That was precisely the strength of Cope's timeless piece with Alex Hawkins, the Baltimore Colt who made a cottage industry of being a perpetual reserve. ("How many players can you name who in ten years in the NFL played six positions," he asks readers, "and did none of them justice?") Channeling Hawkins, Cope than explains why Don Shula kept him around. "If I happened to turn up in the right saloon at the right time, I usually could talk Lou Michaels out of a fight before the cops arrived."

It is Cope's curse that the Terrible Towel has overshadowed all those great stories.

It was under some duress that he'd come up with the idea for what turned into Steeler Nation's most indispensable accessory. The year was 1975, and Cope was told by his bosses at WTAE, the Steelers's flagship radio station, to produce a gimmick before a playoff game with the Baltimore Colts.

"I'm not a gimmick guy," he replied. "Never been a gimmick guy."

The next part of the exchange, recounted by longtime Cope friend and Steelers beat writer Ed Bouchette of the Post-Gazette, went like this:

"You know your contract is up this year."

"I just became a gimmick guy."

The truth is, Cope wasn't above gimmickry, buffoonery or a bit of exaggeration, if thought it would make people laugh. There was his take, for instance, on one particularly violent tackle, in which a Steeler hit an opponent so hard, Cope insisted, "I swear I saw his mouthpiece fly into the third row! An old lady caught it on the fly, checked it for a fit and put it in her pocketbook!"

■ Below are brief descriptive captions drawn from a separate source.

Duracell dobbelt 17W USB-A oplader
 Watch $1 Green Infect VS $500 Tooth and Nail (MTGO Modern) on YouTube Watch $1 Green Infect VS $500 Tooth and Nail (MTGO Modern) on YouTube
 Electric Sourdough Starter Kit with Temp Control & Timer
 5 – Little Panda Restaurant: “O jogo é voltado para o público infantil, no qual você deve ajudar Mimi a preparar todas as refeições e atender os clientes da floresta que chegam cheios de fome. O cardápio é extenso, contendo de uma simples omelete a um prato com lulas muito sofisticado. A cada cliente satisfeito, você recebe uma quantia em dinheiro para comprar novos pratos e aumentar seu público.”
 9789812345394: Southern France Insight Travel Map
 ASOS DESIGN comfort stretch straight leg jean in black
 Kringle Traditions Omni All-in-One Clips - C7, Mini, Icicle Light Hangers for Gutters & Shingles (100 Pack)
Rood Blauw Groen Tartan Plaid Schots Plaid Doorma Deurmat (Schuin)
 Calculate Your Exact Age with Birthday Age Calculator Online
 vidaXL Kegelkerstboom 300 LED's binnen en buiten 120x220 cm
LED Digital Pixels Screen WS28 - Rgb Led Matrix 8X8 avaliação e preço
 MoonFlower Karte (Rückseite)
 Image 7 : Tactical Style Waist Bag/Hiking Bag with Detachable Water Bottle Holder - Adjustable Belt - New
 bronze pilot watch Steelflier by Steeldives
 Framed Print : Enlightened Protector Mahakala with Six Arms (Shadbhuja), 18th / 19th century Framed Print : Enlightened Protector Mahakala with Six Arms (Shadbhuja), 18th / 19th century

Even as he played to a blue-collar crowd, he couldn't disguise his grasp of culture, as evidenced in this classic exchange with longtime broadcast partner Bill Hillgrove:

Cope: "I'm telling you something -- Hines Ward looked like Nijinsky!"

Hillgrove: "Nijinsky?"

Cope: "Nijinsky! The great ballet dancer."

Hillgrove: "I thought he was a racehorse."

Cope (losing patience): "No, he ain't a racehorse! (Resigned) He's dead anyhow."

Hillgrove: "The racehorse or the ballet dancer?"

Cope: "Nijinsky!"

(They were both right: Nijinsky II, the horse, was named after Nijinsky, the Russian dancer.)

Cope's signature on-air exclamation, "Yoi!" expressed his delight in some pro-Steelers turn of events. Because a single "Yoi!" was sometimes insufficient, Cope took to multiplying them. "Double-Yoi!", in fact, is the name of his autobiography. While I have not read it, I have drunk deeply of his prose, and am here to tell you -- don't take this the wrong way, Pittsburgh -- that it goes down a hell of a lot easier than Iron City Beer.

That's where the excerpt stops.